Aim of the task |
In the entries below, find the line with "29th image of" and the line with "Flash (Ezra Miller) em Liga da Justiça"; reproduce those two lines and all lines between them exactly, without pictures.

Task input |
-.-.-
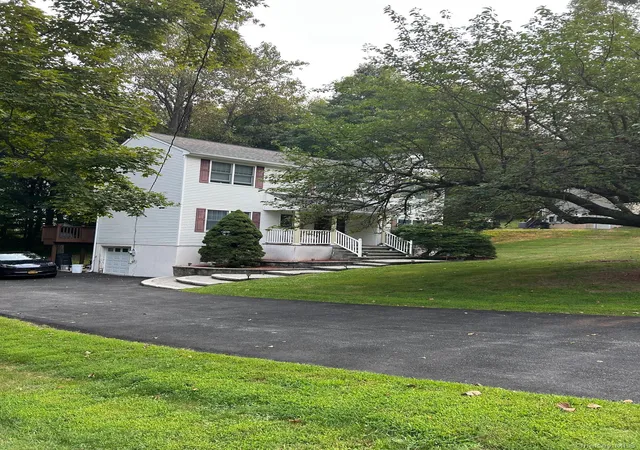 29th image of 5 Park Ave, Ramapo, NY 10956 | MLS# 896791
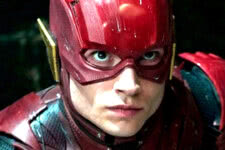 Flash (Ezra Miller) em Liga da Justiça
-.-.-
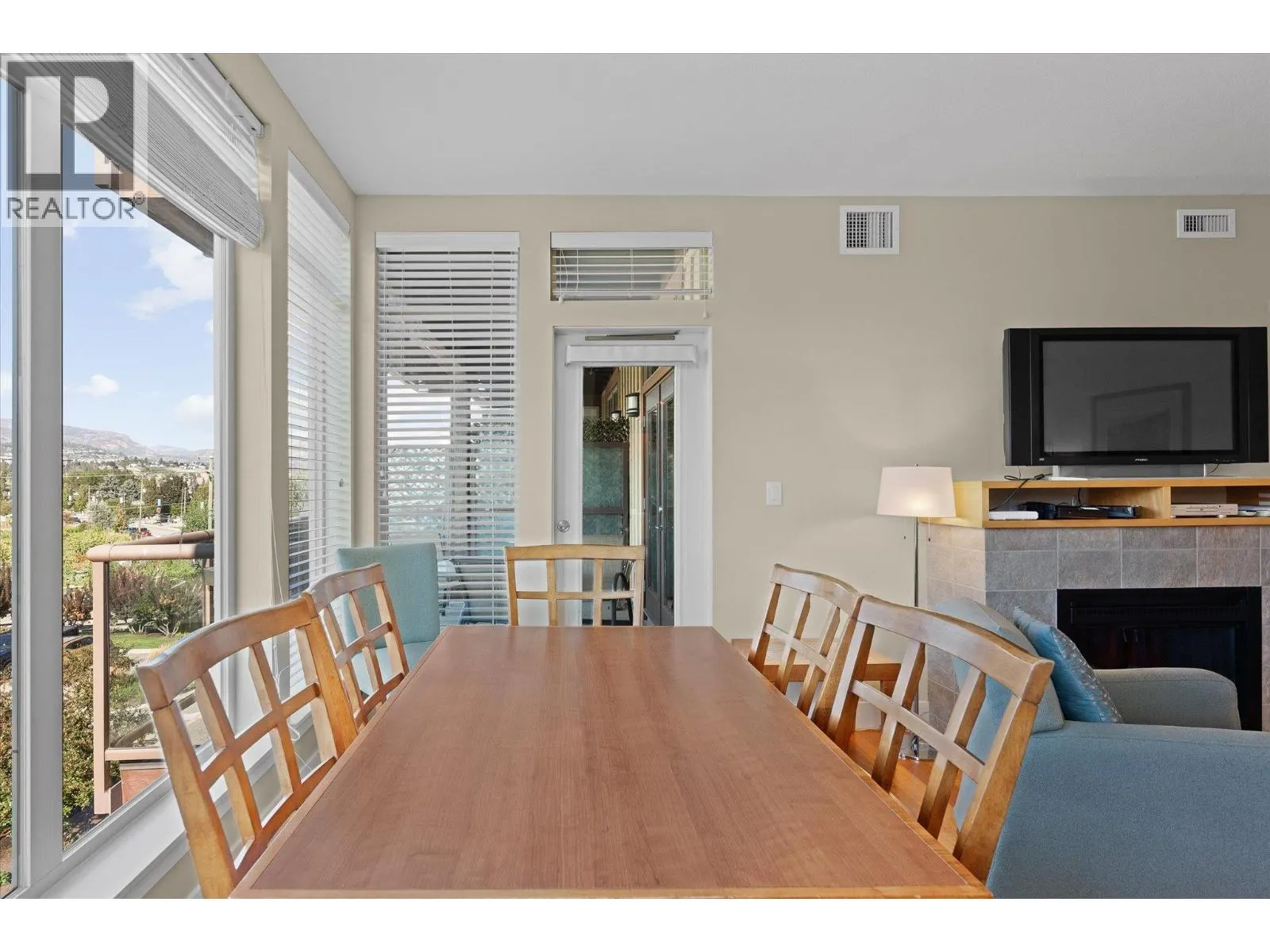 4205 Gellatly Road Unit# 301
-.-.-
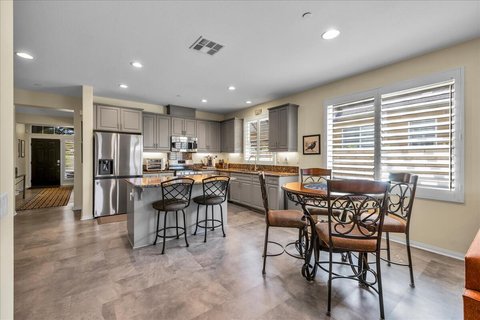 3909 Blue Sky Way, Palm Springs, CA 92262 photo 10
-.-.-
Solution to this exercise |
 29th image of 5 Park Ave, Ramapo, NY 10956 | MLS# 896791
 Flash (Ezra Miller) em Liga da Justiça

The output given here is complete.